On Wednesday, Poker Probot squared off against CatFish and Gobot in the last qualifying round. Hilton Givens from Lafayette, Ind., the creator of PP, said he mainly created his robot just to see if he could do it. The computer technology graduate of Purdue University likes to play with his robot online.

“I don’t see anything wrong with it,” he said. “It’s like you write your own book and you’re reading it to see your own strategy.”

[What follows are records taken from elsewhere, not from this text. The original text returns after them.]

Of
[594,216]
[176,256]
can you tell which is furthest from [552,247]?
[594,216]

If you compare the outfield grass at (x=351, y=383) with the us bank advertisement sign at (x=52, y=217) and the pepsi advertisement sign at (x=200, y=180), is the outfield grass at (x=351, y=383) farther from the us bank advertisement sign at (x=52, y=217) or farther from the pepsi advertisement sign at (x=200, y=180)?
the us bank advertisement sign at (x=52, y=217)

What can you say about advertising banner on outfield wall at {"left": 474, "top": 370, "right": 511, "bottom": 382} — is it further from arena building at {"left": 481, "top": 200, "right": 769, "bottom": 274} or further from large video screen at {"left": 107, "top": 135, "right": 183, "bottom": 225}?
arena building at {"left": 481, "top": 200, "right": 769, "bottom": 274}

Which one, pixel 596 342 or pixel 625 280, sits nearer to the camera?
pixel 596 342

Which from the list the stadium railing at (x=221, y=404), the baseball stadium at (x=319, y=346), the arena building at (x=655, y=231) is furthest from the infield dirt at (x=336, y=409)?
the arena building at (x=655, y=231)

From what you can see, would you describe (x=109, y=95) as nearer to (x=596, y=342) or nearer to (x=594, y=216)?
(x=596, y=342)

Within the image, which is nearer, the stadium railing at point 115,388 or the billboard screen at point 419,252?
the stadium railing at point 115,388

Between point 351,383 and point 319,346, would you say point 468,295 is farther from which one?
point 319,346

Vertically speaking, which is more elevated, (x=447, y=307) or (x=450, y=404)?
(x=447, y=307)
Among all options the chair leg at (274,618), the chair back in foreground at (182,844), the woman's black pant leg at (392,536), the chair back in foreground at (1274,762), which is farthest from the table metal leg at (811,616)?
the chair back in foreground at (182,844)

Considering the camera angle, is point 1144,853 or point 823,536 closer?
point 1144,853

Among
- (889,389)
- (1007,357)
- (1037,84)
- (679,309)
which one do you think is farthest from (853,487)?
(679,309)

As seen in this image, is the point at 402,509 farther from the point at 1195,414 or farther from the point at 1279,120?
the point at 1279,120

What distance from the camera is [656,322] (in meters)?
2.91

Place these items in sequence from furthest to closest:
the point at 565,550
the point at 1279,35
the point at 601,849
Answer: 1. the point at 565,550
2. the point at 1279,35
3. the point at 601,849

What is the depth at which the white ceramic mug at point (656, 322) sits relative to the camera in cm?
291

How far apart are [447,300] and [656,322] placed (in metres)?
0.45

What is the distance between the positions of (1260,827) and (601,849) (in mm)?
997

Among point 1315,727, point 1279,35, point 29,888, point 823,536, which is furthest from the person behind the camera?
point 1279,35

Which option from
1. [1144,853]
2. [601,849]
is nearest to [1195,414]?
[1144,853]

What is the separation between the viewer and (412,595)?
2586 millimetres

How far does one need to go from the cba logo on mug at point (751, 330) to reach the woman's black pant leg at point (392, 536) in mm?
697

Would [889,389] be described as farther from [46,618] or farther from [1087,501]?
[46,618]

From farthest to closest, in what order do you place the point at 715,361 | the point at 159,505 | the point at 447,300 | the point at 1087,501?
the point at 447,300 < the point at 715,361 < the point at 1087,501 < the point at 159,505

Givens was leading in the qualifying round as we watched the robots go at it on a plasma screen.

“It’s early,” he said.

I went back to the Four Queens for some rest before trying for the final table trifecta at the 8 p.m. tourney at Binion’s.

It was not to be.

A young punk, clad in cap, sunglasses and iPod, who was playing aggressively, raised from the cutoff seat to 300. I had 100 in the big blind and looked down to find A-K. Rather than blow him out of the pot (because I thought he didn’t have much) I just called to try and trap on the flop. Those first three cards of A-8-2 were perfect. I checked, he bet 400 and I check raised to 1,000. He thought for nearly a minute before calling. I figured the turn of 8 missed him so I bet again. He put me all in for the little I had left and turned over 7-8. Oh well. I returned to Binion’s later to look for Ted, who was also playing this event, and found neither Ted nor the young punk among the four tables remaining. I was glad for the latter.

Andy made the final table at the UPC as Eric Lindgren was eliminated on the bubble in eighth. The final table is filmed today.

The final 27 players gather today at Binion’s to play down to nine. Tomorrow, someone will be crowned the new world champion and receive $7.5 million. Phil Ivey, Mike Matusow and Greg Raymer are all still in it. Maybe Raymer’s statement to me won’t come true. I certainly wouldn’t mind seeing him win again. He’s a great guy and a good ambassador for the game of poker.